Porto, Portekiz’in en büyük ikinci şehri. Başkent Lizbon kadar turistik değil ama bu durum Porto için büyük bir avantaja dönüşmüş. Tarihi kentte ne kalabalık var ne de bir kaos. Bu da şehirde rahat dolaşabileceğiniz anlamına geliyor. Hatta yoğun bir turist akını olmadığı için daha ucuz da denilebilir.
Portekiz’in en gözde şehirleri arasında yer alan Porto, Avrupa’da göremeye alışkın olduğumuz şehirlerinden oldukça uzak ve insanları daha samimi. Bu şehir biraz daha bizden…
Akdeniz iklimin hakim olduğu ülkenin tarihi sokaklarında ılık ılık rüzgarlar eşliğinde gezmenin keyfi bir başka. Porto; yokuşları, tepeleri, köprüleri, renkli binaları, Duoro Nehri, harika okyanus manzarası, Gaia ve Ribeira bölgeleri ve lezzetli mi lezzetli mutfağıyla bir şehir gezisinden beklenilenin daha fazlasını size sunuyor.
Hadi gelin Porto’da gezilecek yerleri beraber inceleyelim…
Dom Luis Köprüsü
Porto’nun simgelerinden biri haline gelen Dom Luis Köprüsü, ülkeye giden turistlerin ilk ziyaret ettiği noktalar arasında bulunuyor. Köprü, şehrin tarihi dokusuyla öyle bir bütünlük sağlamış ki, bu durum köprüyü ‘bir metal yığını’ olmanın ötesine tanışmış.
İki katlı köprünün toplam uzunluğu 395 metre, nehirden yüksekliği 85 metre ve genişliği ise 8 metre oluşuyor.
Porto Katedrali (Sé do Porto)
Hemen hemen birçok Avrupa şehrinde katedral bulunuyor. Bu şehirlerden biri de Porto. Fakat Roma ve gotik mimari stillerinde inşa edilen Porto Katedrali, Avrupa’daki ve özellikle İtalya’daki katedrallere kıyasla biraz sönük kalıyor.
Ribeira
Porto’nun ruhunu tam anlamıyla anlamak için Ribeira gitmeniz gerekiyor. Burası nehir kenarında tarihi renkli evlerin yer aldığı bir bölge. Zaten Ribeira sözcüğü de “Nehir Kenarı” anlamına geliyor. Bu isim buradaki bütün alanı kapsıyor.

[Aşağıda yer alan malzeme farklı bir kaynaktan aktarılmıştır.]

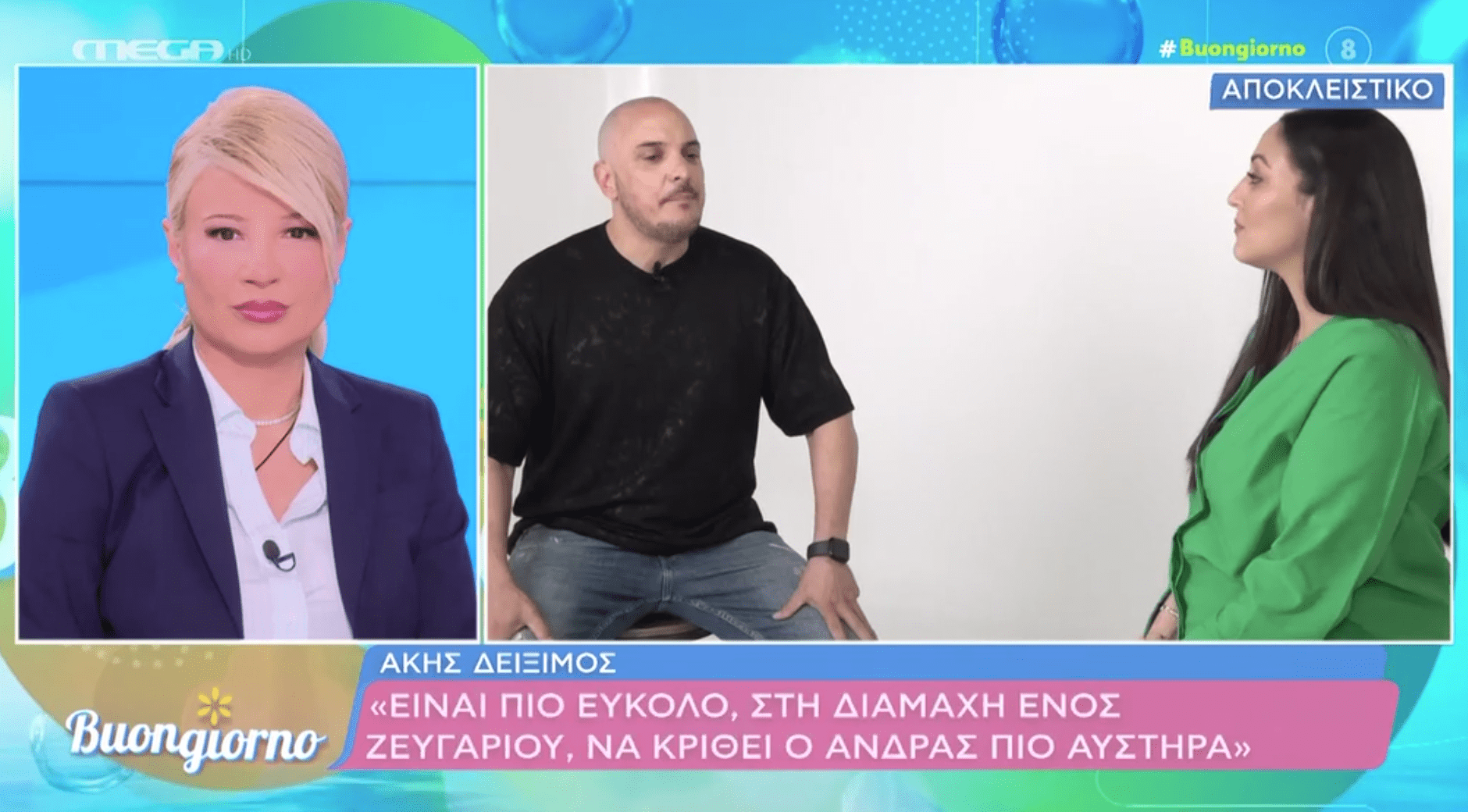 Ο Άκης Δείξιμος παίρνει θέση για την υπόθεση του Κώστα Δόξα, μιλώντας για αδικία και την πίεση που δέχτηκε η οικογένεια.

Şehre gelen bazı turistler Ribeira’da tekne turlarına katılırken bazıları ise nehir manzaralı restoranlarda keyifli anların tadını çıkıyor.
Praça de Liberdade (Özgürlük Meydanı)
Her şehrin popüler bir meydanı vardır. Tabii ki Porto’nun da meşhur bir meydanı var. Praça de Liberdade’nin tam merkezinde 4. Peter’in at üstünde elinde Portekiz Anayasası’nı tuttuğu bir heykel var. Çevresinde tarihi yapıların olduğu bu meydanı görmemeniz imkansız neredeyse. Çünkü geziniz esnasında mutlaka denk geleceğiniz bir konumda yer alıyor.
Sao Bento İstasyonu
Bildiğiniz tüm tren istasyonlarını unutun! Sao Bento istasyonuna daha girmeden mimarisiyle sizi büyülüyor. Duvarlarında seramik taşlarda çeşitli dini figürler ve semboller olan istasyon adeta bir müzeyi andırıyor. Bu taşlardaki her bir resim Porto tarihinden farklı bir detayı temsil ediyor.